- _PROBLEM TO WORK ON_:
From the line containing "Women Moonstone Fashion" to the end of the records below, both included, every line should be repeated exactly; pictures should be dropped.

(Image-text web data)
=-=-=
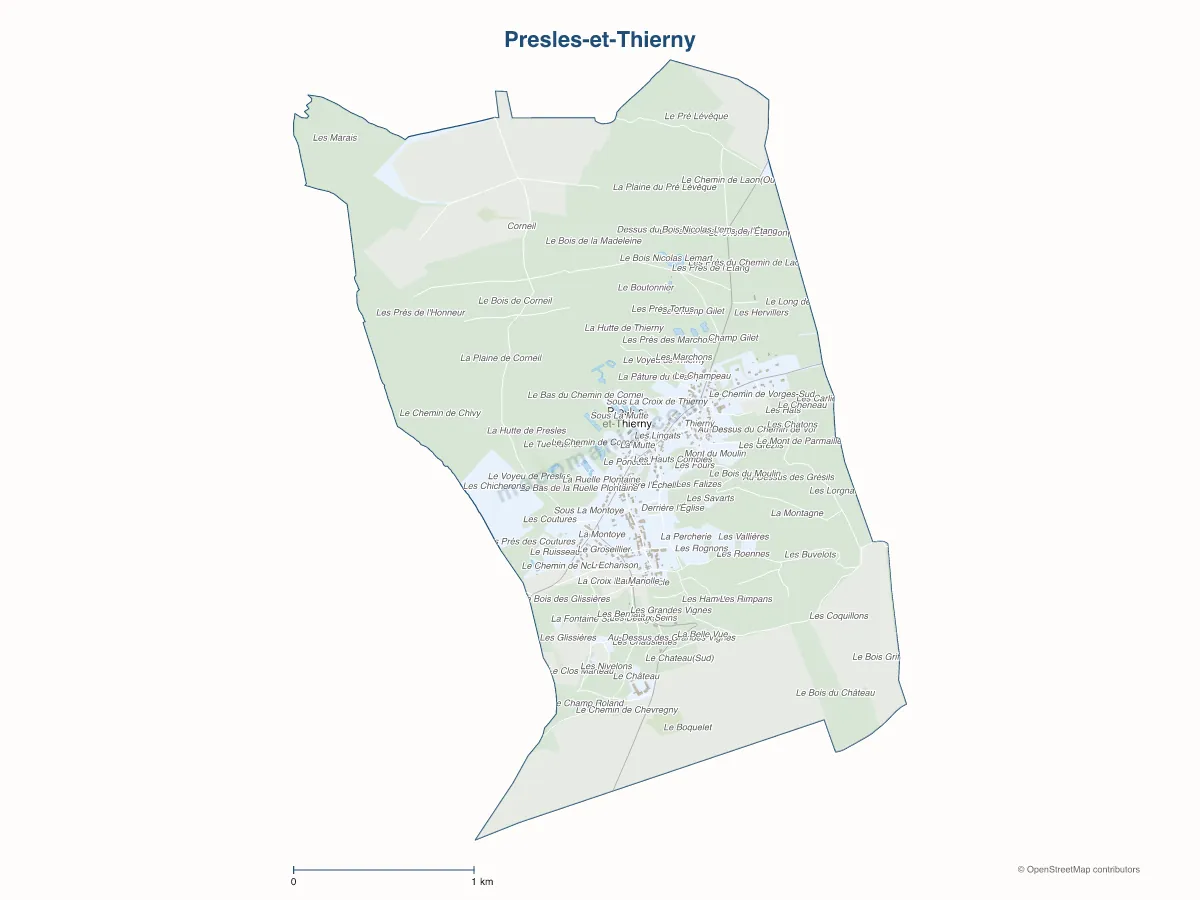 Carte de Presles-et-Thierny à personnaliser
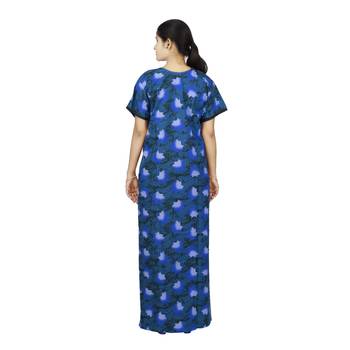Blue colour Leave Design Printed Round Neck Poly Cotton Nighty For Ladies Nightwear 3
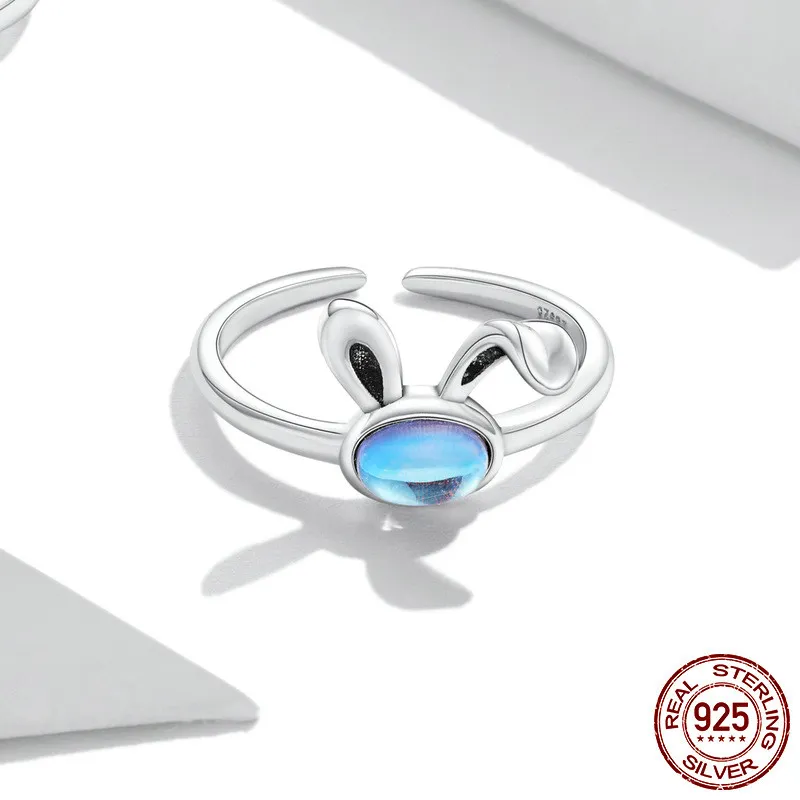 Women Moonstone Fashion All Match Rabbit Ring - Grocery
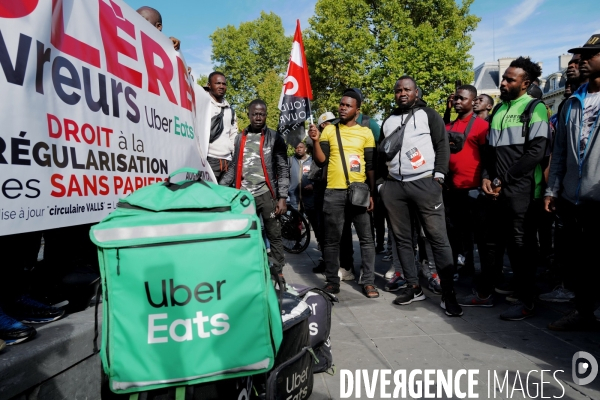 Manifestation des livreurs d Uber Eats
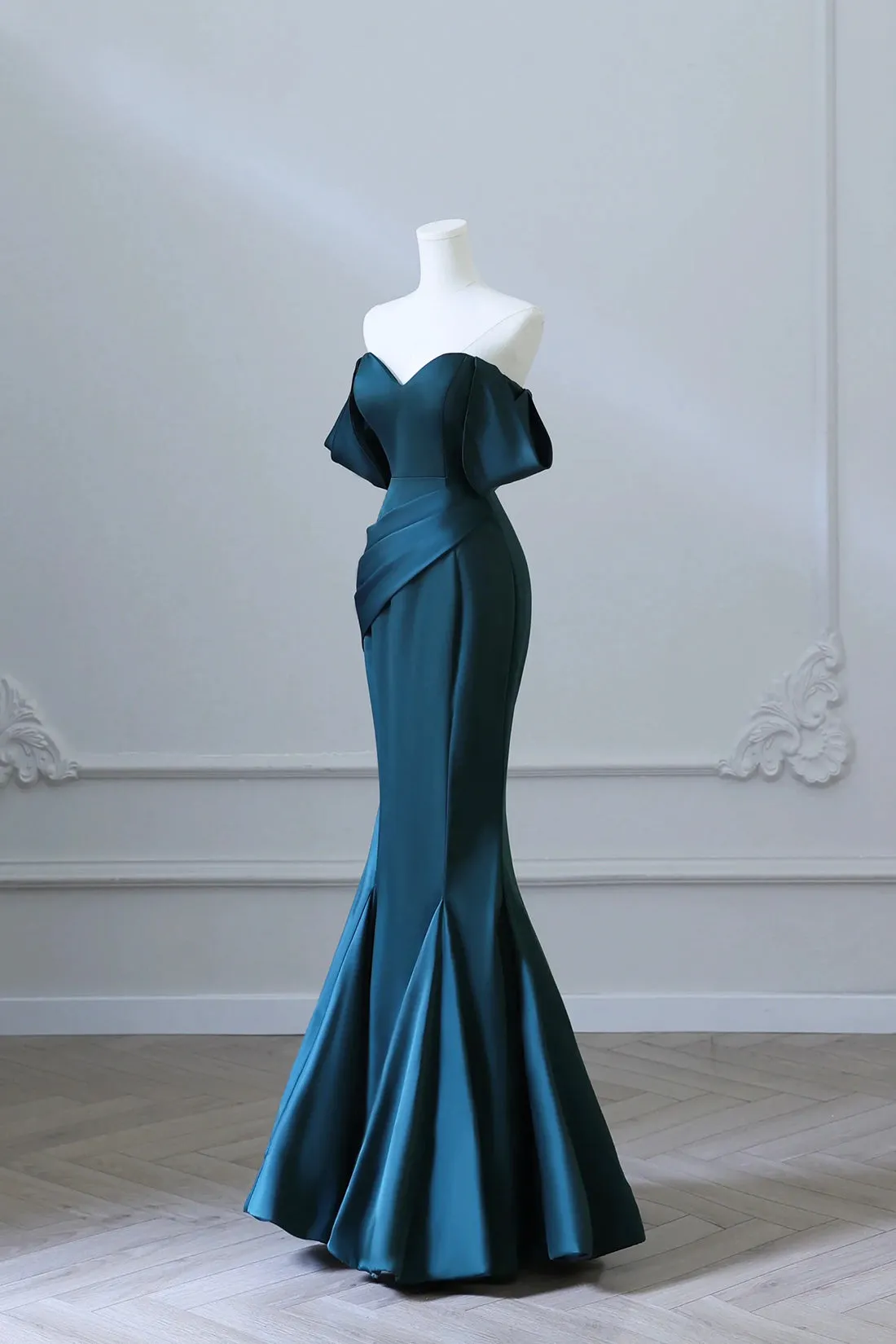 Simple Off Shoulder Satin Ink Blue Long Prom Dress, Ink Blue Mermaid Formal Dress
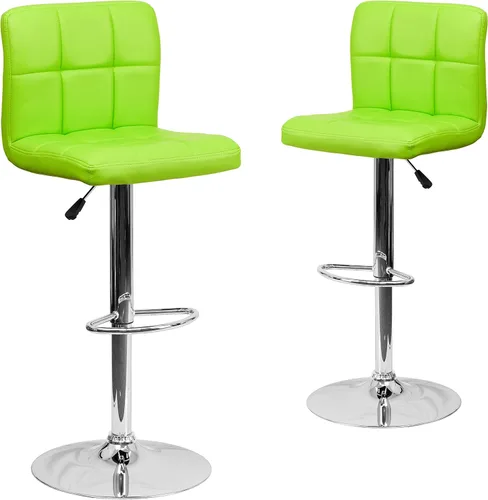 Vista 15 de Flash Furniture Kathleen - Taburete de bar contemporáneo de vinilo acolchado negro con altura ajustable con base cromada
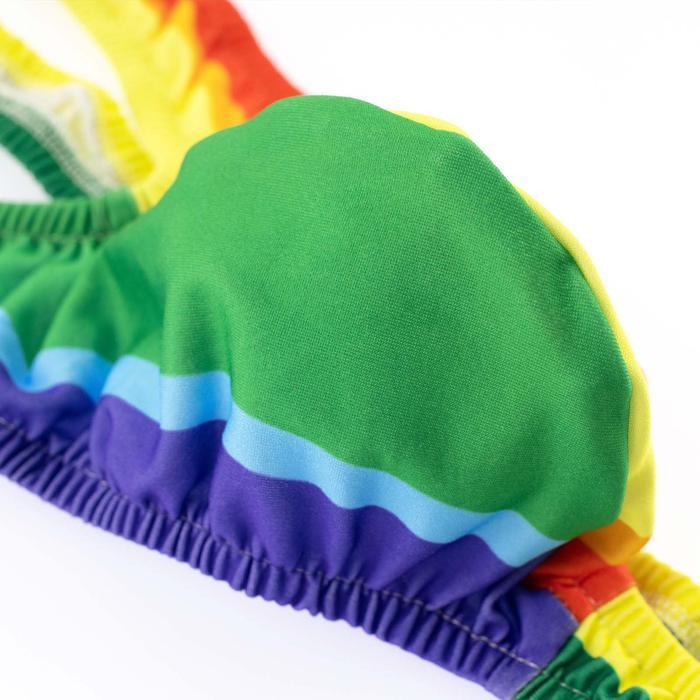 CUCI GUDANG Men Sexy Erotic Lingerie Open Thong Mankini Rainbow One-piece Swimsuit Thong Underwear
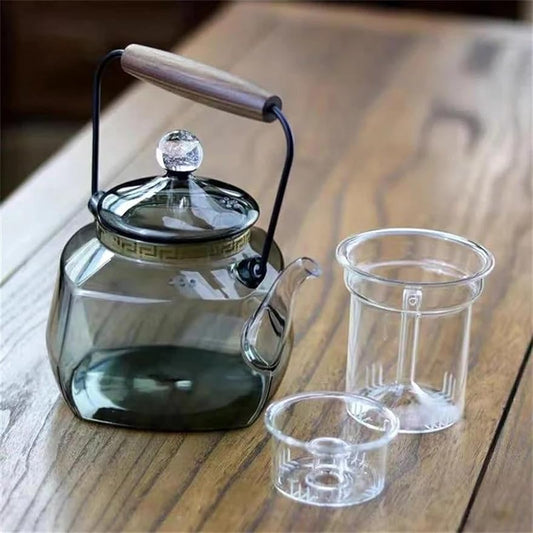 Afternoon Tea Set Japanese Square Heat Resistant Glass Teapot Steaming And Boiling Dual-use Lifting Beam Tea Pot Glass Kettle Kung Fu Tea Set Tea Set For Adults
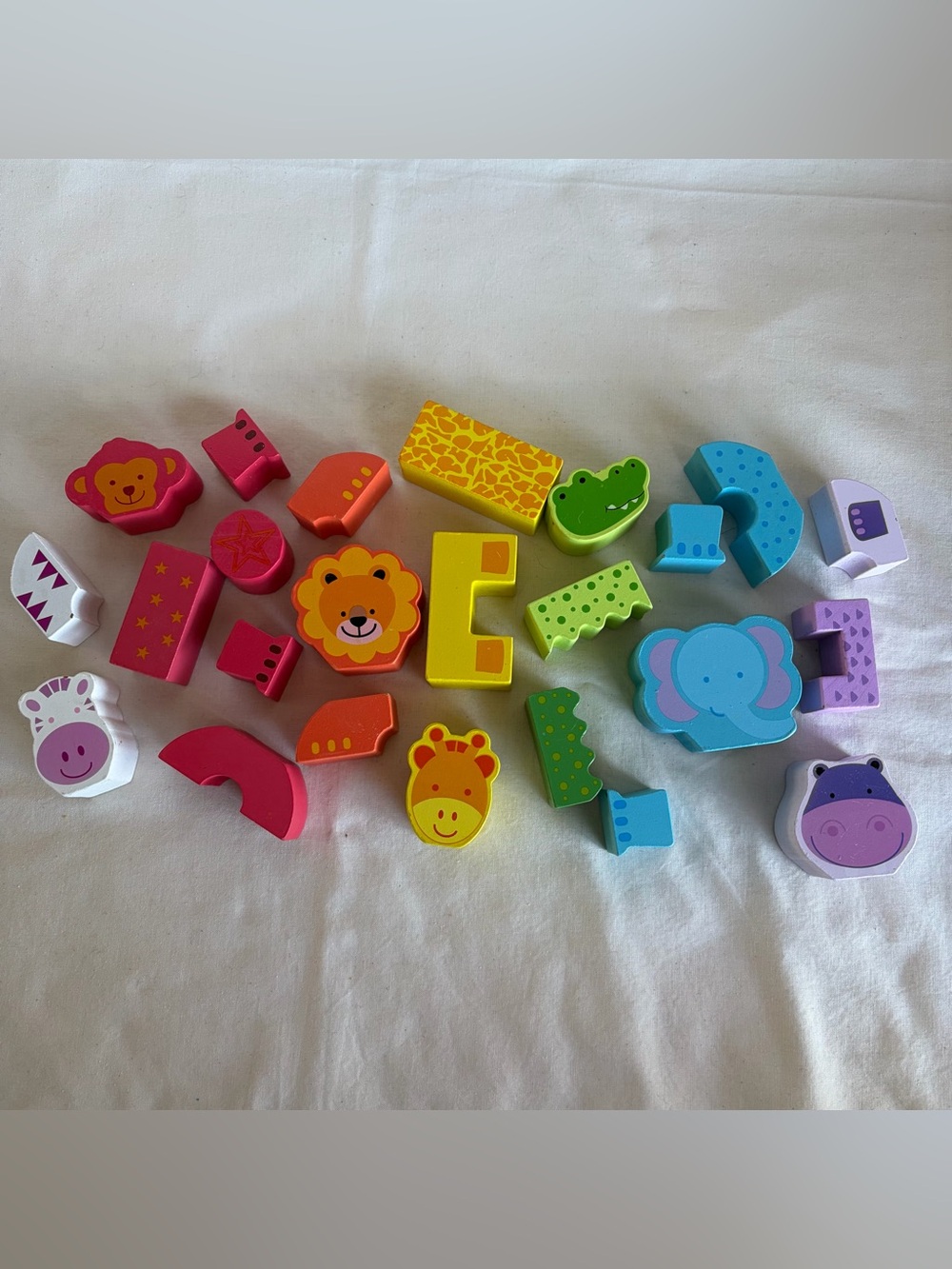 Miscellaneous Colorful Wooden Safari Animal building block Pieces
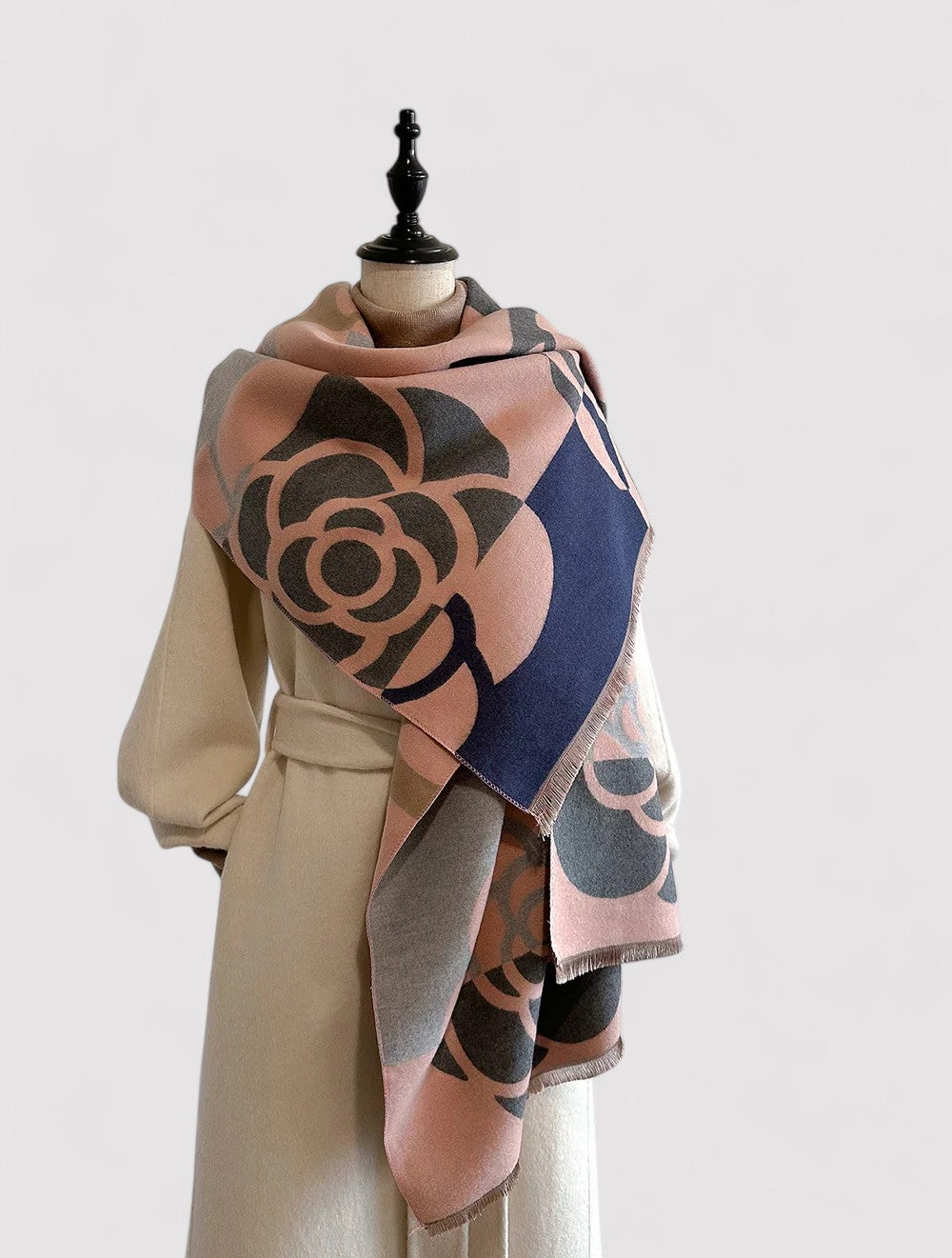 Ancien | Women's Floral Double-sided Cashmere Pashmina Scarf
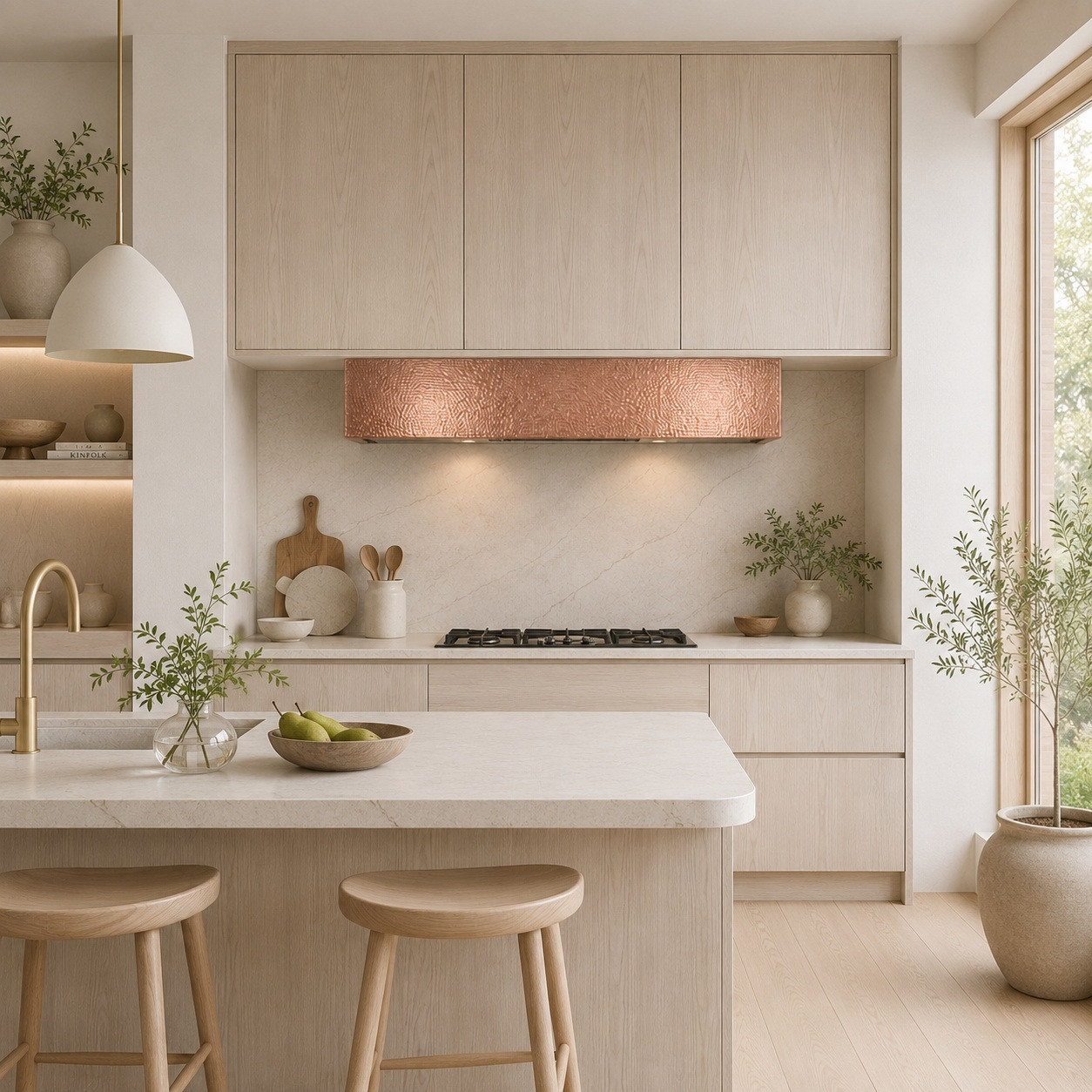 Scandinavian kitchen with polished under-cabinet copper hood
=-=-=
- _TASK OUTPUT_:
 Women Moonstone Fashion All Match Rabbit Ring - Grocery
 Manifestation des livreurs d Uber Eats
 Simple Off Shoulder Satin Ink Blue Long Prom Dress, Ink Blue Mermaid Formal Dress
 Vista 15 de Flash Furniture Kathleen - Taburete de bar contemporáneo de vinilo acolchado negro con altura ajustable con base cromada
 CUCI GUDANG Men Sexy Erotic Lingerie Open Thong Mankini Rainbow One-piece Swimsuit Thong Underwear
 Afternoon Tea Set Japanese Square Heat Resistant Glass Teapot Steaming And Boiling Dual-use Lifting Beam Tea Pot Glass Kettle Kung Fu Tea Set Tea Set For Adults
 Miscellaneous Colorful Wooden Safari Animal building block Pieces
 Ancien | Women's Floral Double-sided Cashmere Pashmina Scarf
 Scandinavian kitchen with polished under-cabinet copper hood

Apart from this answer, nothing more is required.